Case Study: Direct Preference Optimization (DPO)
Ticket: GH-449 | Contract: finetune.md §dpo
Overview
DPO (Rafailov et al. 2023) aligns language models using preference pairs without training a separate reward model. The policy is optimized directly to maximize the margin between chosen and rejected responses.

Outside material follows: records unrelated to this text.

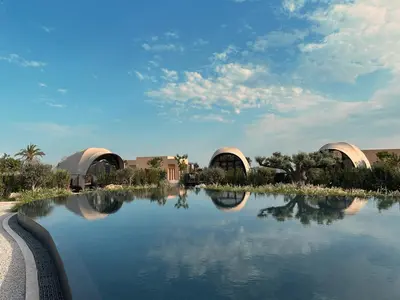 a view of a pool of water with three domes at 91 Athens Riviera, The Resort in Athens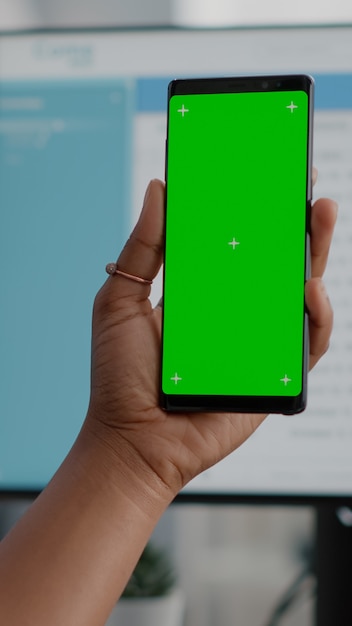 Nahaufnahme einer afrikanischen Frau, die ein Green-Screen-Chroma-Key-Telefon mit isoliertem Display in den Händen hält und eine Online-Videokonferenz-Konferenz hat. Schüler, der von zu Hause aus arbeitet, um Videos anzusehen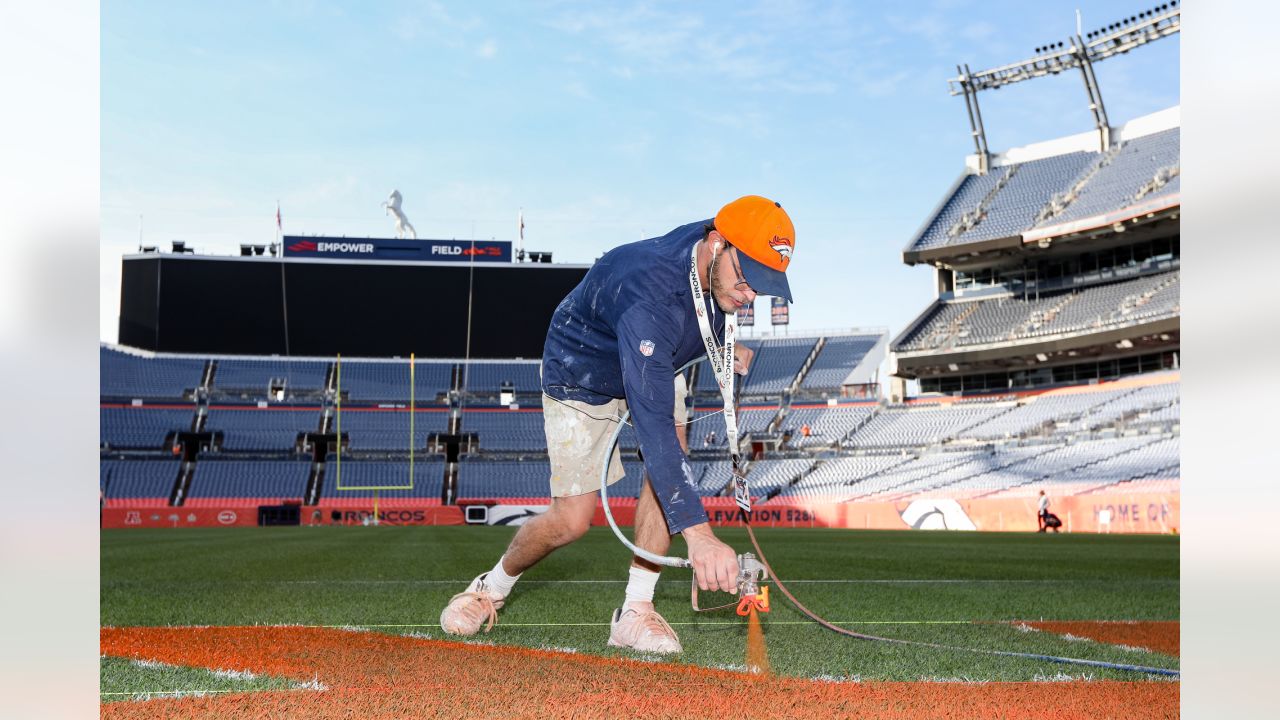 Painting a Broncos Hall of Fame wall at the Empower Field on the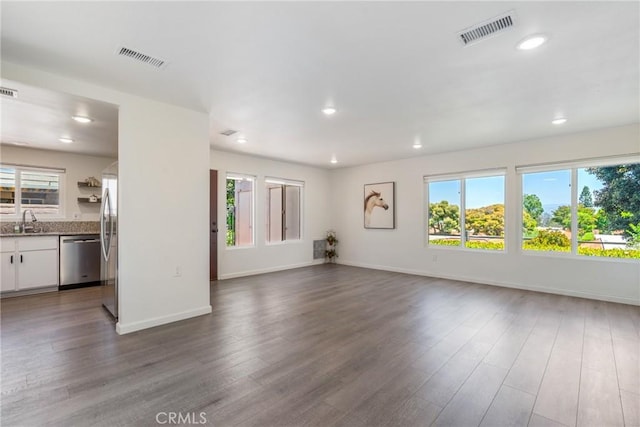 3066 Via Serena S Unit A, Laguna Woods, CA 92637 - unfurnished living room featuring healthy amount of natural light, dark wood-type flooring, and recessed lighting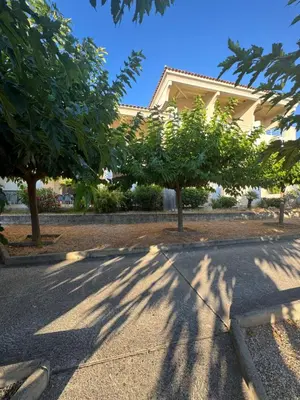 a building with trees in front of a street at Appartements PORTICCIO CENTRE in Porticcio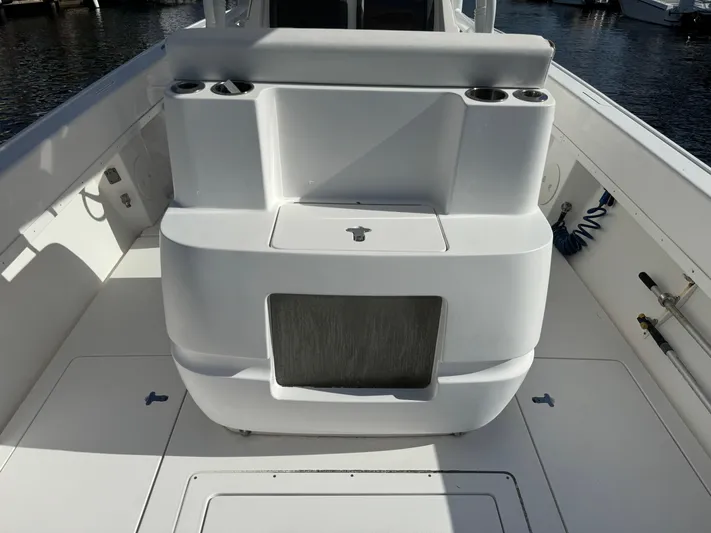 No Name Yacht Photos Pics 2014 Intrepid 327 Center Console boat interior with seating and storage compartments.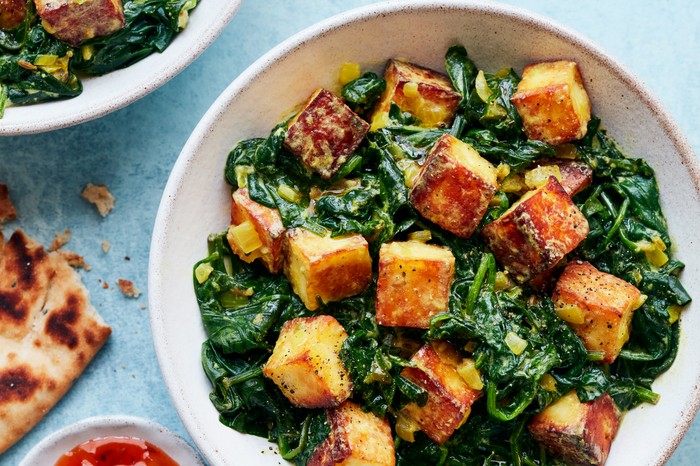 Two white bowls of golden cubes of paneer and wilted spinach on a blue background with a naan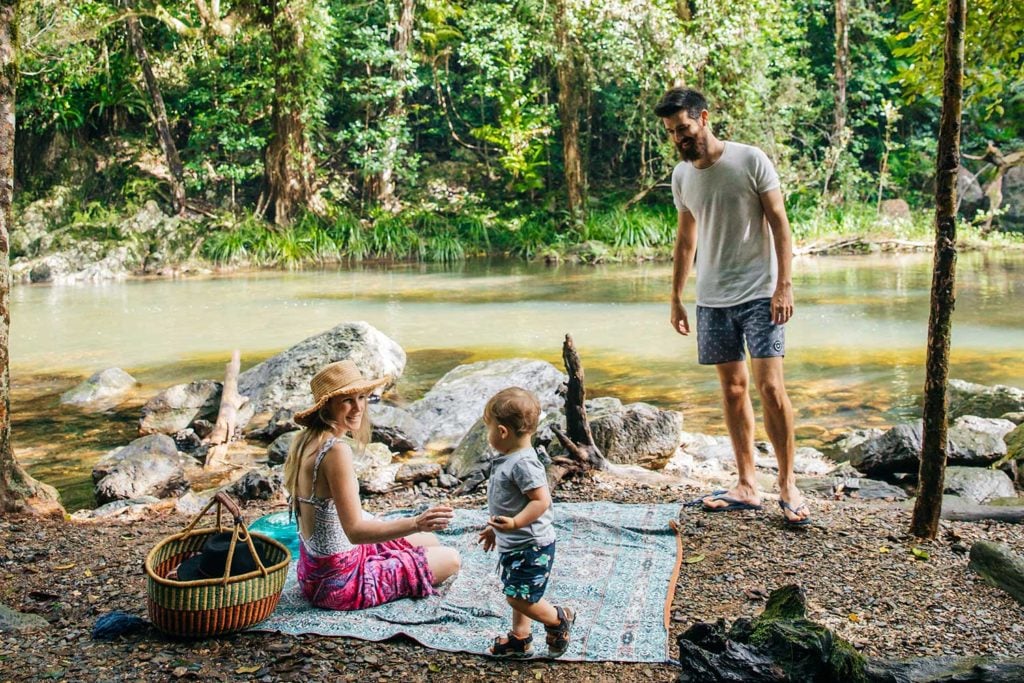 Family enjoying picnic next to the creek at Crystal Cascades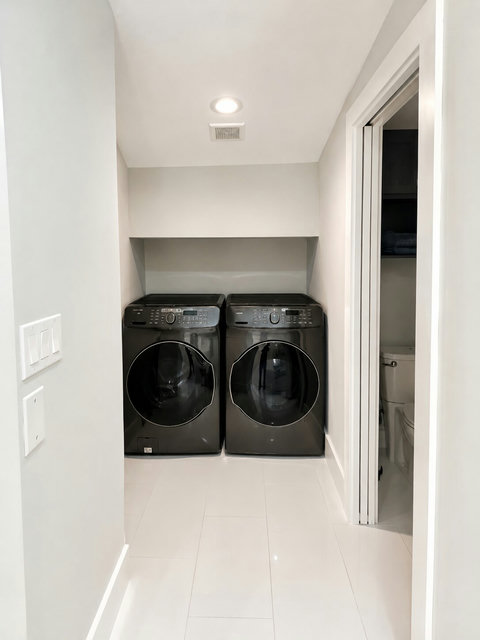 Enjoy the convenience of a full-size washer and dryer located just off the primary bedroom. One of two laundry areas available in the home.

Loss: L = -log σ(β · (log π(y_w|x)/π_ref(y_w|x) - log π(y_l|x)/π_ref(y_l|x)))
API
use aprender::online::dpo::{DpoConfig, DpoLoss, DpoMetrics, PreferencePair};
let loss = DpoLoss::new(DpoConfig {
beta: 0.1,
label_smoothing: 0.0,
use_reference: true,
..Default::default()
});
let pair = PreferencePair {
chosen_logprob: -1.0,
rejected_logprob: -5.0,
ref_chosen_logprob: -2.0,
ref_rejected_logprob: -3.0,
};
let l = loss.compute(&pair);
let (grad_c, grad_r) = loss.gradient(&pair); // Zero-sum gradients
let metrics = DpoMetrics::from_batch(&loss, &pairs);
Key Properties
- Zero-sum gradients: grad_chosen + grad_rejected = 0
- Non-negative loss: DPO loss is always >= 0
- SimPO variant: Set
use_reference: falsefor reference-free training - Label smoothing: Reduces overfitting to noisy preference annotations
Falsification Tests
| Test | Property |
|---|---|
| FALSIFY-DPO-001 | Loss is always non-negative |
| FALSIFY-DPO-002 | Gradients are zero-sum |
| FALSIFY-DPO-003 | Correct reward ordering when policy is correct |
Run the Example
cargo run --example dpo_preference